Are We About to Repeat the 2008 Housing Crisis? | Opinion

I recently wrote about the potential for activity in the junk bond market to trigger a large-scale financial crisis in the United States—and around the world. Soon after, I began getting correspondence from readers who pointed to what they saw as similar speculative excesses in the mortgage market. These readers are not wrong. Financial media outlets are already covering the dizzying increase in house prices across the U.S. What's missing, however, is a systematic breakdown of how big this bubble could be, and its implications.

Bubbles in housing markets are first and foremost caused by the overvaluation of homes. Two of the most popular ways to measure housing valuation are inflation-adjusted house price indices and house price-to-median income indices.

Inflation-adjusted house price indices show us how much house prices have risen relative to prices in the economy as a whole. Right now, this index is flashing bright red: it is giving us a reading of 94.6. This is the highest in history—the previous high being 92.3 in March 2006. The house price-to-median income index measures the affordability of housing relative to the average person's salary. It is flashing red too: it is giving us a reading of 6.7, just below the previous high of 7 in November 2005.

Based on these measures, it is safe to say that the U.S. housing market is as overvalued as it ever has been in history. So there is little reason to doubt that a large bubble has inflated in this market.

Why did this happen? Much for the same reason that there are bubble dynamics in the junk bond markets. In 2020, in response to the lockdown-generated recession, the Federal Reserve stepped into the mortgage market and gobbled up a huge number of mortgage-backed securities (MBS). Seemingly oblivious to the lessons it should have learned in 2008, the Fed made up around 30 percent of the entire market by September 2020. Naturally, MBS issuance soared in response. In the first half of 2021, it was growing at around 25 percent per year—by far the fastest growth rate on record since statistics began.
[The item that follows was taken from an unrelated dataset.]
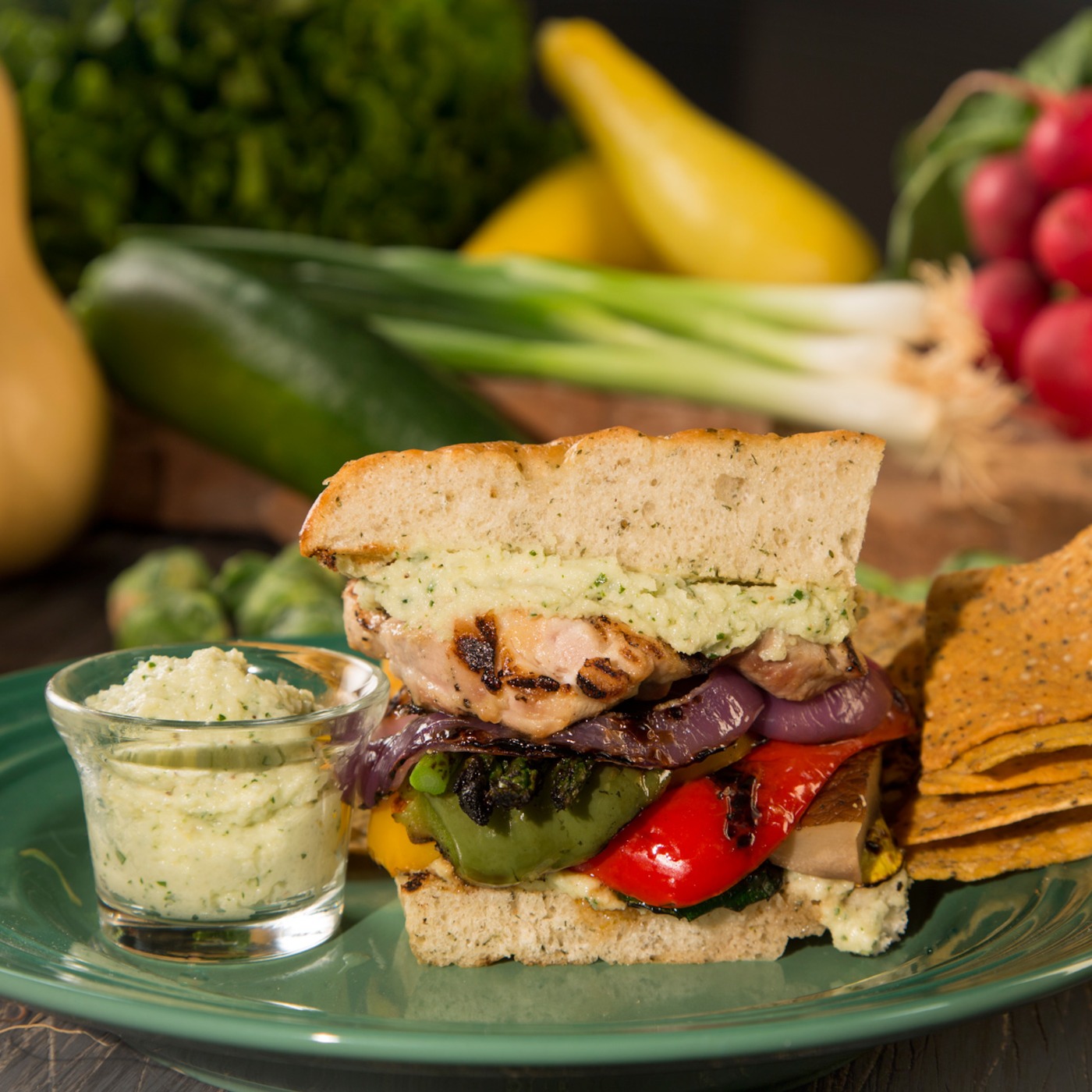 Top Ten Sandwich & Salad Trends for 2015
Before moving on to explore the implications of this trend, let us briefly reflect on why the Fed did what it did. After the crash of 2008, there was a general feeling amongst economic policymakers of "never again." Commentary from the time suggested a whole generation of policymakers had learned the dangers of financial bubbles, much as the generation that grew up in the Great Depression had learned all those years ago. Many assumed that this knowledge would bring an era of economic and financial peace and stability.

House construction Massachusetts
ORLEANS, MASSACHUSETTS - JULY 13: Carpenters frame a new home July 13, 2021 on Cape Cod in Orleans, Massachusetts. Median sale prices for a single-family house on Cape Cod in Chatham, Massachusetts have increased 218% over prices in 2020. Robert Nickelsberg/Getty Images

That has clearly not happened. Why? Frankly, our elites seem jittery and distractible in a way the Greatest Generation was not. They rush from one "crisis" to the next, like a drug addict in need of a fix. If you hang around policy people long enough, you start to question whether this isn't a sort of game to them. More crises mean more for them to do and more for them to gossip about—this is clearly a group of people raised on television and social media, always needing another dopamine hit.

The net result is that lessons hard learned are soon forgotten. As soon as a public health crisis like COVID-19 emerges, all those warnings from the financial crisis a decade previous are thrown in the trash like so many unloved toys. Borrowing statistics become passé; case numbers and deaths are in vogue now. It's policymaking as fad and fashion.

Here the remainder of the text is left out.